Genetic engineering is a process where genes are manipulated to give new characteristics to, in this case, fish or animals.
For example, cattle that can resist mad cow disease, or chickens that lay eggs that are healthier for your heart.
To get their salmon to grow so fast, Aqua Bounty has added a gene.
"What we've done is overcome a barrier that's evolved in the salmon over centuries," said the company's CEO. And that gives some people the creeps.
Several people CBS spoke with in a local supermarket were hesitant about the possibility of buying genetically engineered meat or fish. But for the first time, the Food and Drug Administration is taking proposals from Aqua Bounty and other companies that could lead to the commercialization of these new food products.
Scientists working on genetically engineered food say it's safe, but the Union of Concerned Scientists says, not so fast.
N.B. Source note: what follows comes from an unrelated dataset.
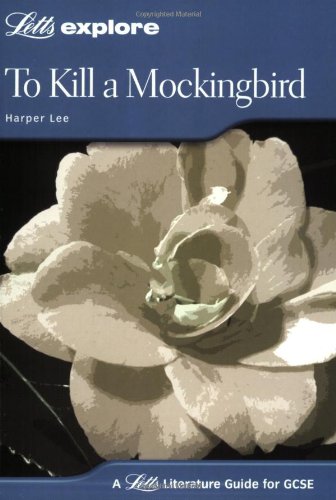 To Kill a Mockingbird (Letts Explore Literature Guide GCSE Notes)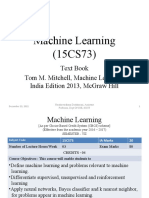 Machine Learning (15Cs73) : Text Book Tom M. Mitchell, Machine Learning, India Edition 2013, Mcgraw Hill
"We have to look very carefully at what the risks and the benefits are," said Doug Gurian Sherman, who studies the issue for the Union of Concerned Scientists in Washington, DC. "At this point, I think the FDA seems to be putting the cart before the horse."
There are 3 main concerns: The potential impact on people's health, possible environmental damage if the engineered animals get into the wild, breed and become dominant, and no requirement to label the food as "genetically engineered."
"We don't have a very good handle on how to assess the risks. And until we do, we really should take a really deep breathe, and not go forward with this," said the Union of Concerned Scientists' Doug Gurian Sherman.
But Aqua Bounty's Ron Stotish counters, "It's people's right not to buy our products. It's people's right to hold whatever opinions they choose. It's not their right to prevent the acceptance of new technology that may be very helpful to society, in the interests of their personal concerns."
Other companies are watching to see if the salmon are approved for market, and if they are, expect to see a number of other proposals begin to move forward.
In the case of these salmon, they are also being engineered to be sterile, so if any escaped into the wild, they would not be able to breed."